A lot of it is also just Darwinian sexual politics. In Robert Ardrey’s 1997 milestone study, “The Territorial Imperative,” he compares the mating displays of the Ugandan kob (a large African antelope) to the chesty, bellowing behavior one might find at any frat-night kegger-or even Swami’s on a moderately good weekend. Each eligible buck-usually 15 or so of the strongest or most imposing out of perhaps 1,000-will stake out a small grassy “stamping ground” and jealously defend their turf against all challengers. The does mince by and choose to mate with the most dominant males (often nearly all of them in succession).

“The human male, encountering a stamping ground for the first time, cannot fail to identify himself with the contestants before him,” writes Ardrey. “And despite his most secret dreams of sex and riot he will thank a merciful evolutionary destiny that made him a man and not a Ugandan kob; it’s all just a bit too much trouble.”

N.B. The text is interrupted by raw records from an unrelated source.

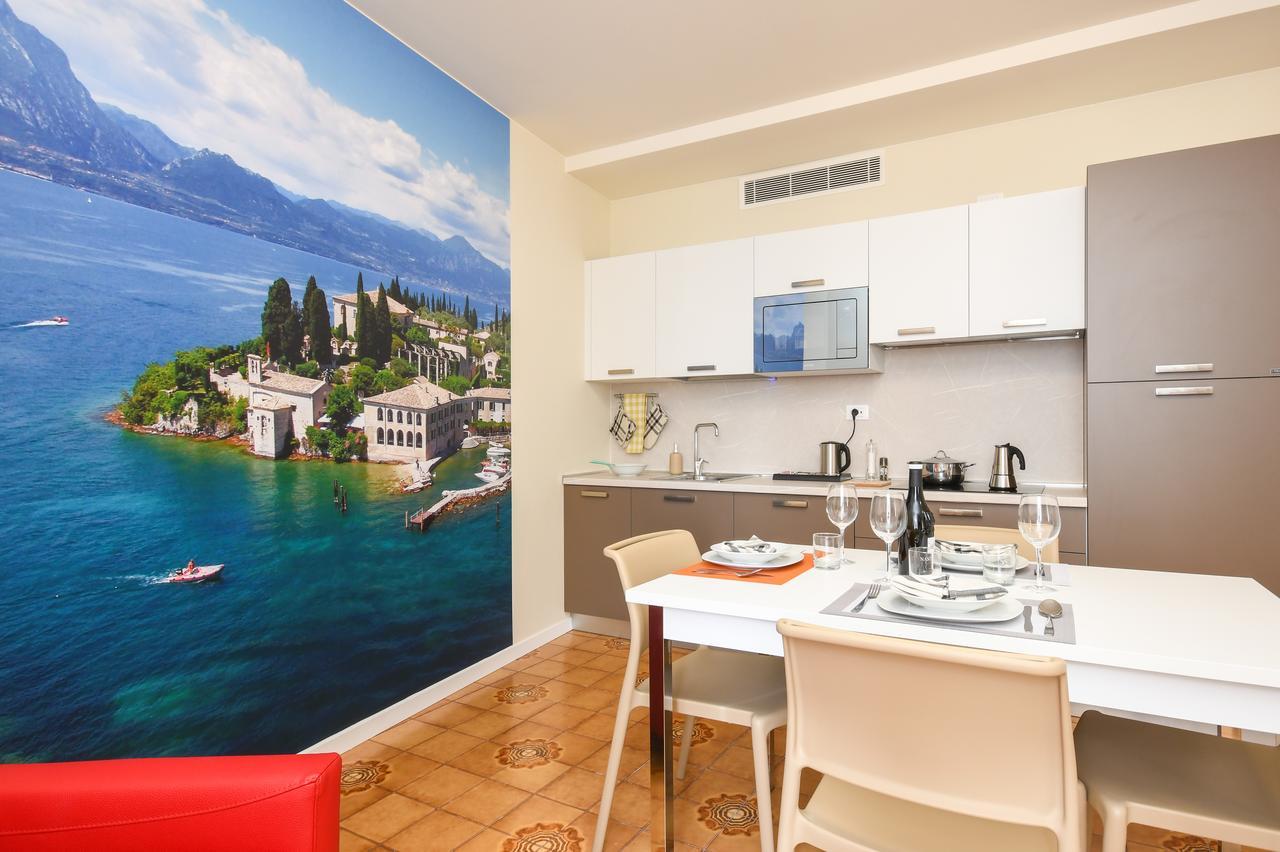 Casa Tunina Apartment เดเซนซาโนเดลการ์ดา ภายนอก รูปภาพ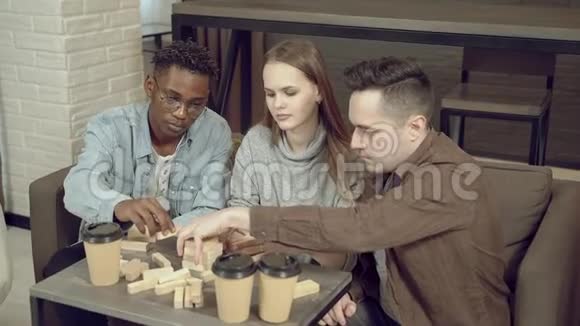一群跨国朋友在家里的客厅里玩积木游戏视频的预览图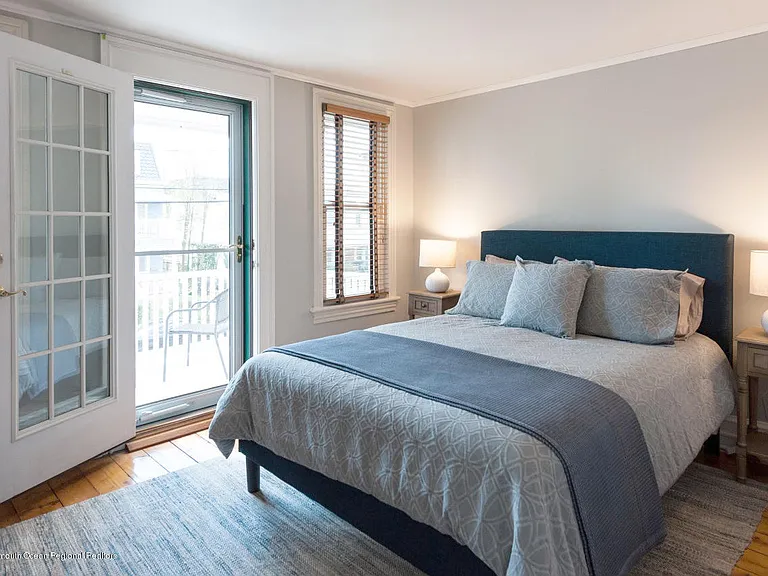 21 Surf Ave — Photo 11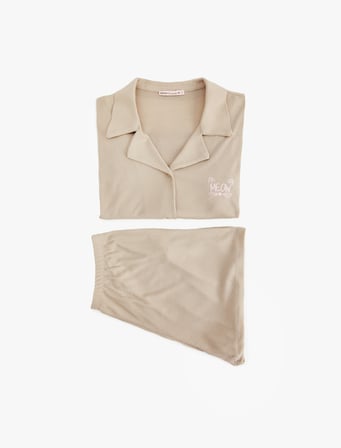 Gömlek Yaka Kısa Kollu Nakışlı Şortlu Pijama Takımı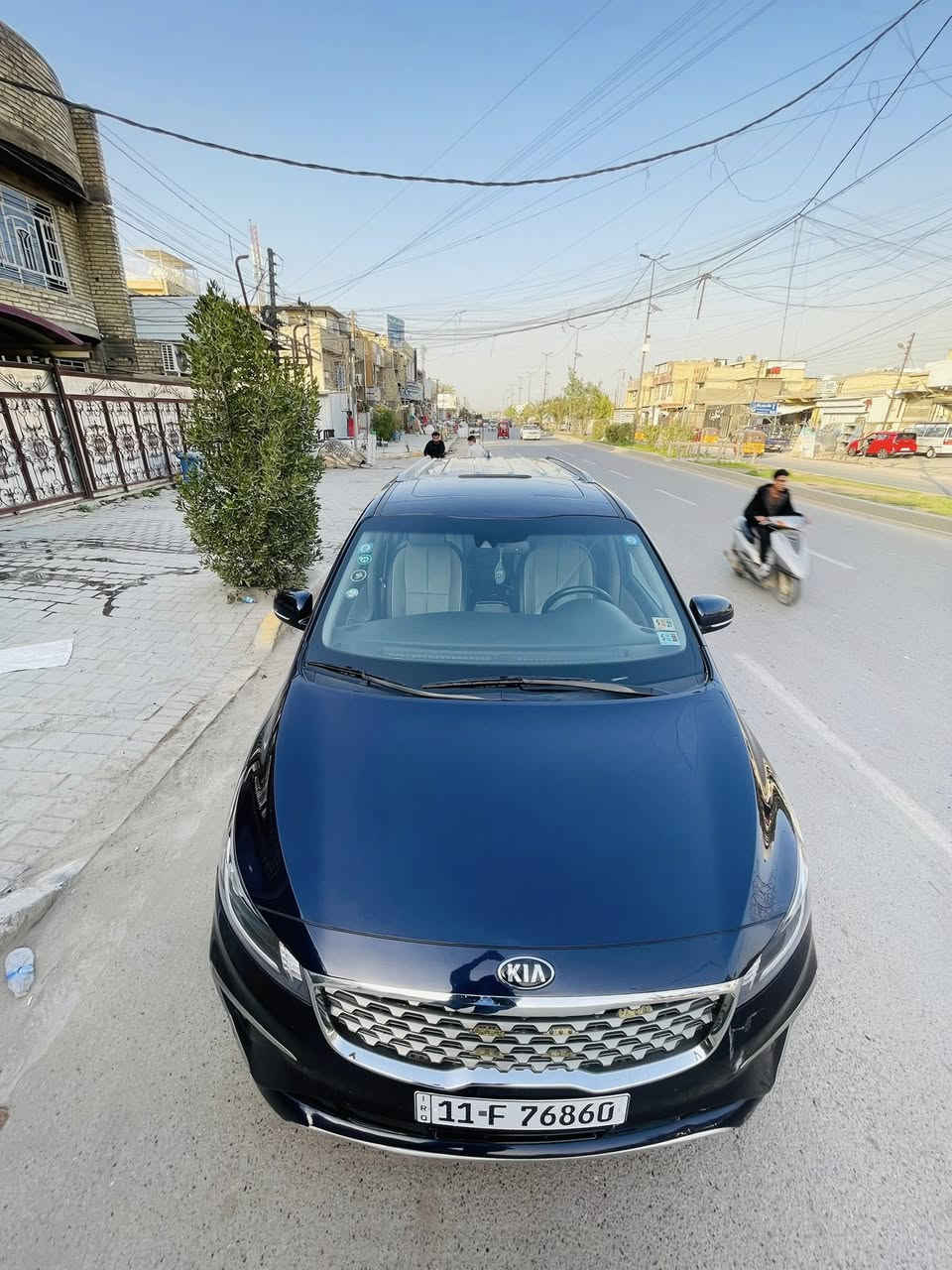 السلام عليكم 
سيدونا 
موديل 2021
ماشية 38
السعر 22 او بيه مجال  
فول السياره 
صور الحادث منشوره 
مكان السياره بغداد الشعب 
رقم 
***********
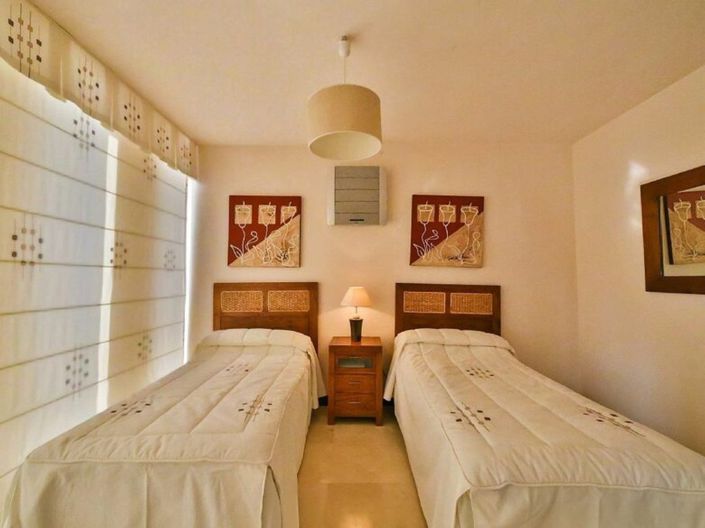 Image No.16-6 Bed Villa for sale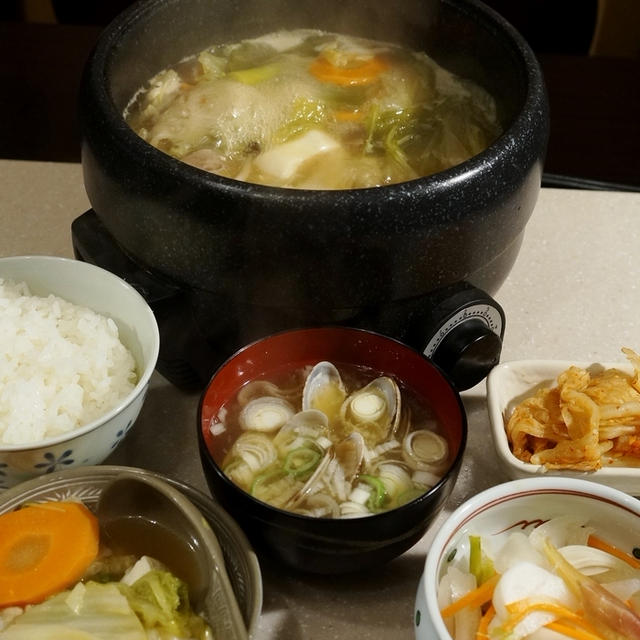 ■簡単な晩ご飯【ごま豆腐と肉野菜の煮込み鍋／浅利の味噌汁／蕪と茗荷の甘酢漬け　】です♪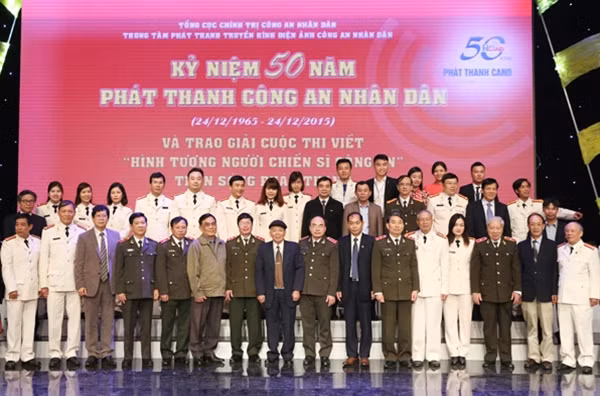 Thứ trưởng Bùi Quang Bền và các đại biểu tham dự lễ kỷ niệm.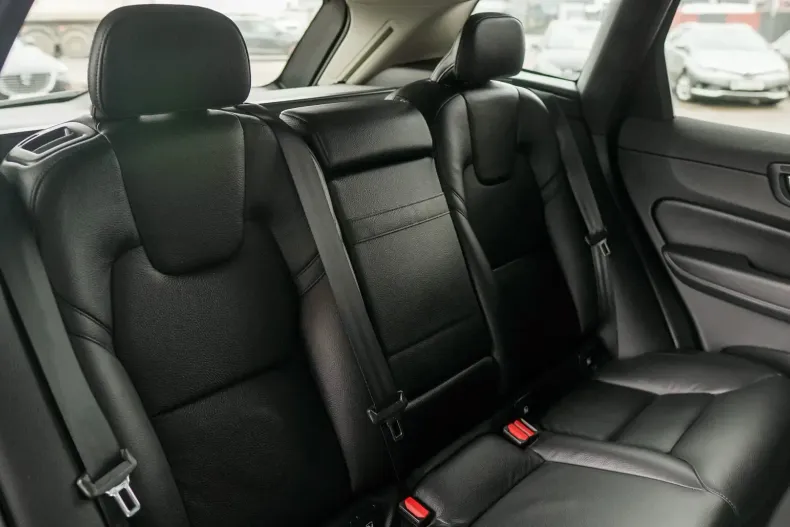 Volvo XC60 din 2021 cu 48.000 km - oferta VOL158448 - foto 27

Fast-forward a few epochs to early 21st century, observations of Homo sapiens, subgenus surfer. Substitute waves for women and you see this same testosterone-fueled behavior echoed out in any crowded line-up. Surfers, for all their pious claims of camaraderie and brotherhood, tend to be a divided, fractious tribe. The near-pathological need of one surfer to out-cool the other is carried straight from the parking lot to the line-up.